Instructions to follow: In the material below, the required lines run from the one containing "Denim Blue/Pink Star Jumper" through the one containing "1Pair New Fashion". Copy those lines exactly, ends included, and nothing else.

Input records:
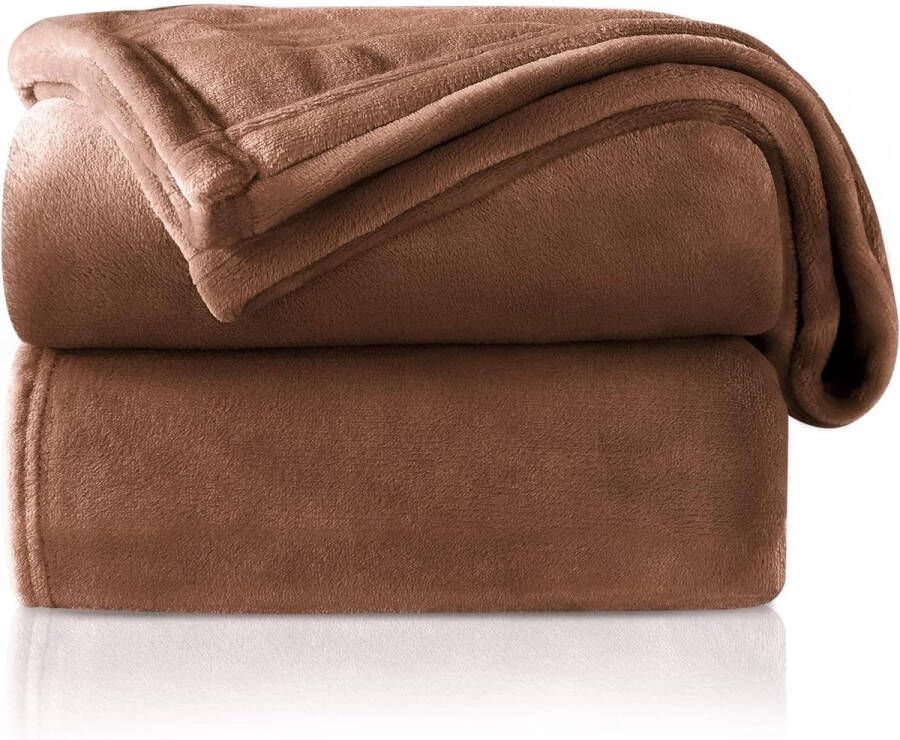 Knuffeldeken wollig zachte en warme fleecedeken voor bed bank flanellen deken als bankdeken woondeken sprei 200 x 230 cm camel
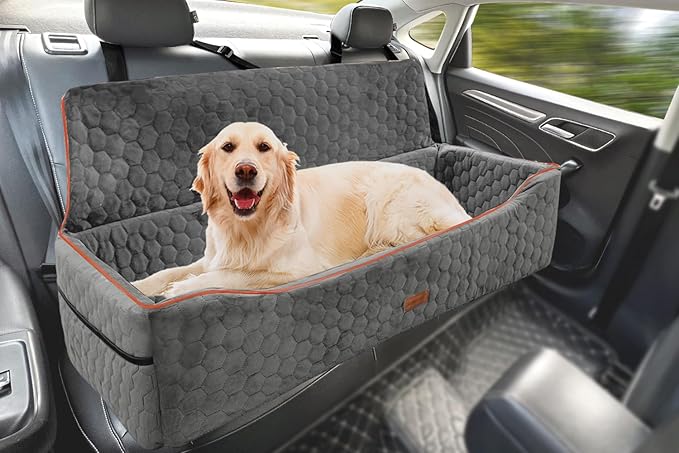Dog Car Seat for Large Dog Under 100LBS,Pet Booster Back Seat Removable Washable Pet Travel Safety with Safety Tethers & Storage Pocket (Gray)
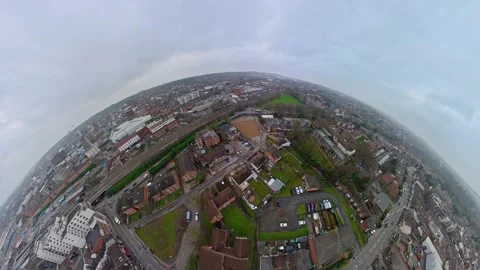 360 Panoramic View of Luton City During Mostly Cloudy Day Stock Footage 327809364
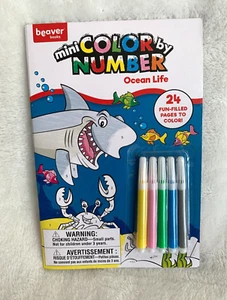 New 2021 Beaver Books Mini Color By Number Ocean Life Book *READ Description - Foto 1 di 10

--

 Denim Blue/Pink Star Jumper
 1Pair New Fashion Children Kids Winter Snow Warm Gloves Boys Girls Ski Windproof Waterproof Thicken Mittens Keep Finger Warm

...

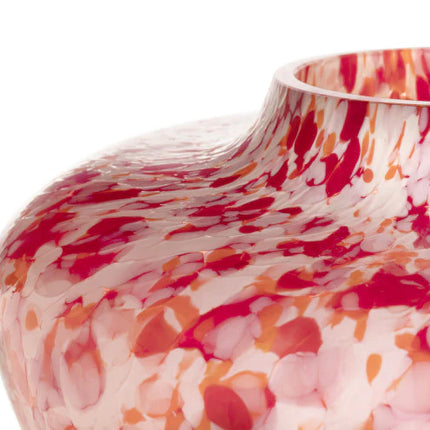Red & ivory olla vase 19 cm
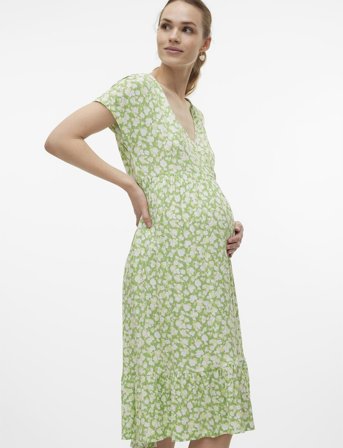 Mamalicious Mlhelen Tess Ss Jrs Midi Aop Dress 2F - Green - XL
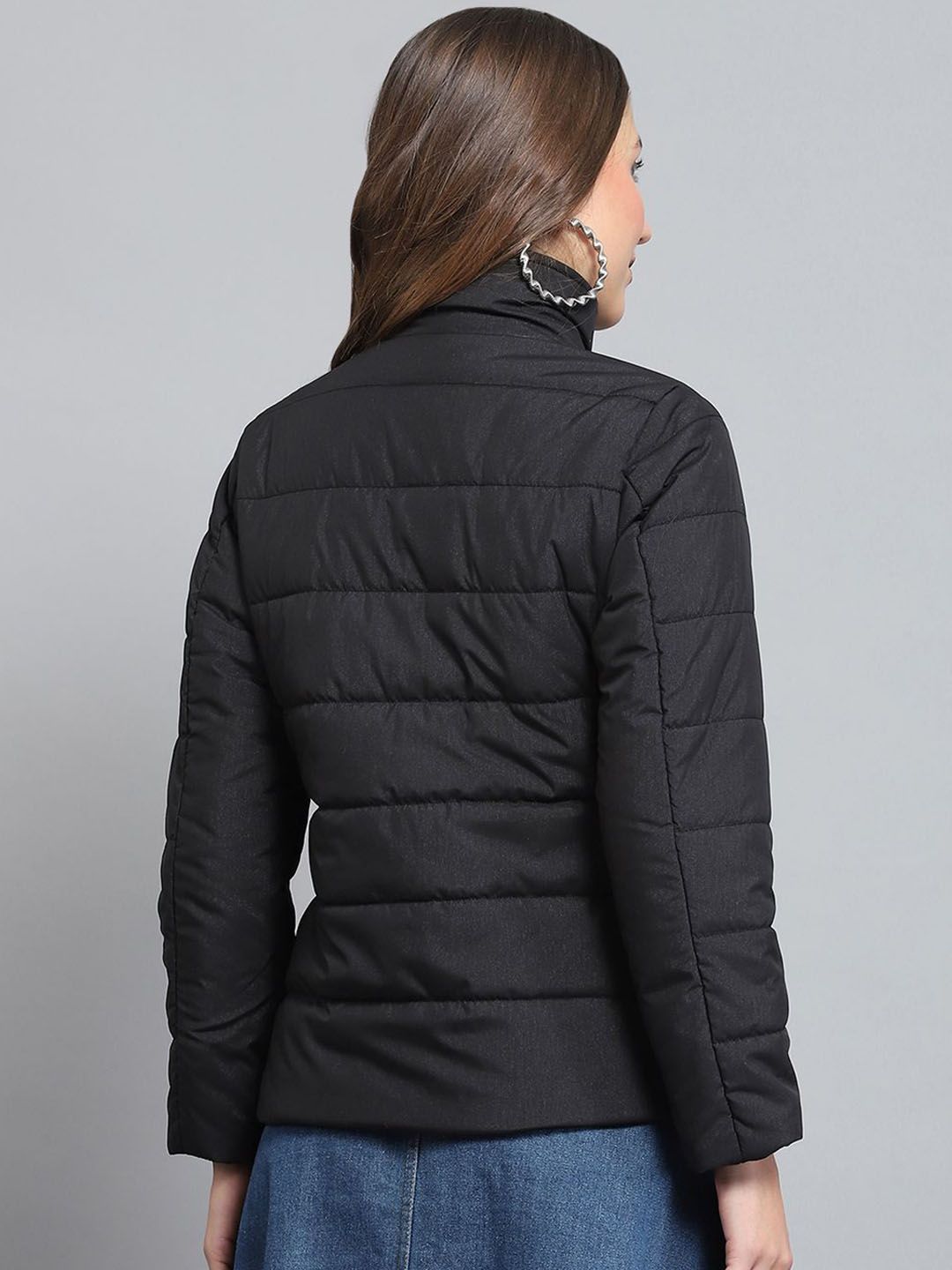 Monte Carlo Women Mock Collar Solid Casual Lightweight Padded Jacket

Response:
 Denim Blue/Pink Star Jumper
 1Pair New Fashion Children Kids Winter Snow Warm Gloves Boys Girls Ski Windproof Waterproof Thicken Mittens Keep Finger Warm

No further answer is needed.